Try to imagine the same scenario with your parents, or maybe what you are describing actually happened in your family of origin as a way of relating to each other. At present, the situation with your DD and your xDH is another facet of you deferring to state your needs truthfully in a close relationship and allowing someone else to take the blame or be blamed. It's the same as you describe yourself as having done with your xDH.
It's ok that you did not want to spend the rest of your life negotiating, but you say you didn't stand up for yourself when you were married, and now, again, you are not standing up for yourself directly in your relationship with your daughter. You have to explain who you actually are to your daughter.

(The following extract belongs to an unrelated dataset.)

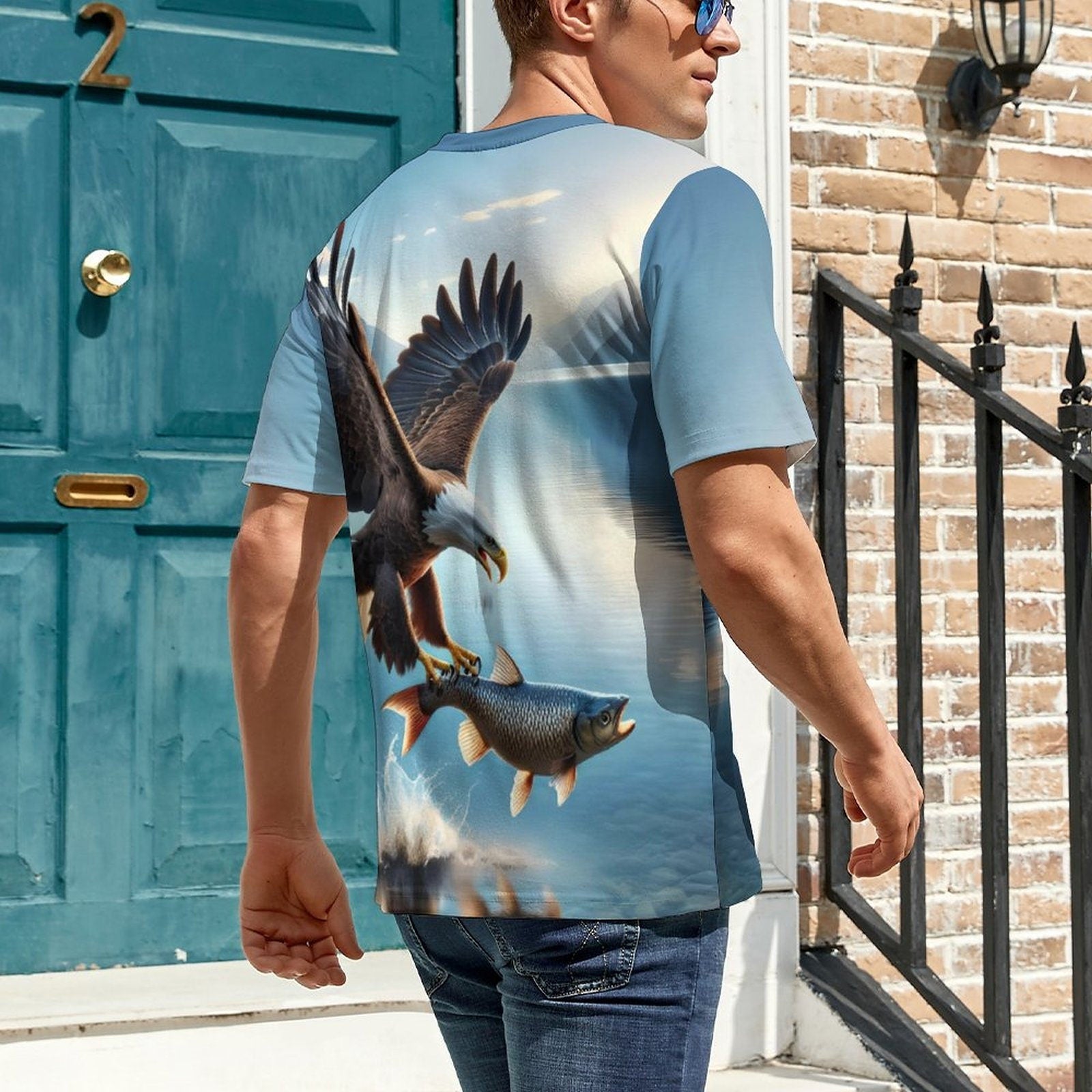 hippieartzone - Spirit Eagle T-Shirt for Sale by Swaggy Shirts on Etsy, Animal Lover Shirt, Eagle Graphic T-Shirt, Eagle Spirit Animal Tee, Mens Eagle Shirt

You decided after a period of time that you wanted to divorce your husband and thus you told your husband and he had no further choice in the matter.
Anonymous wrote:Time to talk to her like an adult and share your side.
Anonymous wrote:Anonymous wrote:Anonymous wrote:You need to stop lying to your daughter.
This is a ridiculously immature response.
The parents modeled being mature adults.
No, they did not. They lied and continue to lie. Come on.
Anonymous wrote:Anonymous wrote:You need to stop lying to your daughter.
This is a ridiculously immature response.
The parents modeled being mature adults.
Anonymous wrote:You need to stop lying to your daughter.
Anonymous wrote:You say you are both much happier now, so you know, and therefore she knows, that you were not as happy living as her family of origin. There is not way for that to be anything but a rejection of her and everything she has known of life up to this point. Neither of her parents were happy in her world. You basically both said to her, "Now that you're gone, we can finally be happy."
Anonymous wrote:We need to bookmark this thread for all the people who think they're fooling anyone when they "stay together for the kids," until the kids go to college.
If you stay together for the kids, do it for the long-term so they don't have to deal with this kind of upheaval and BS. Or, have the integrity to do it earlier. Just don't pretend that your kids will be unaffected when you pull the rug out from under them.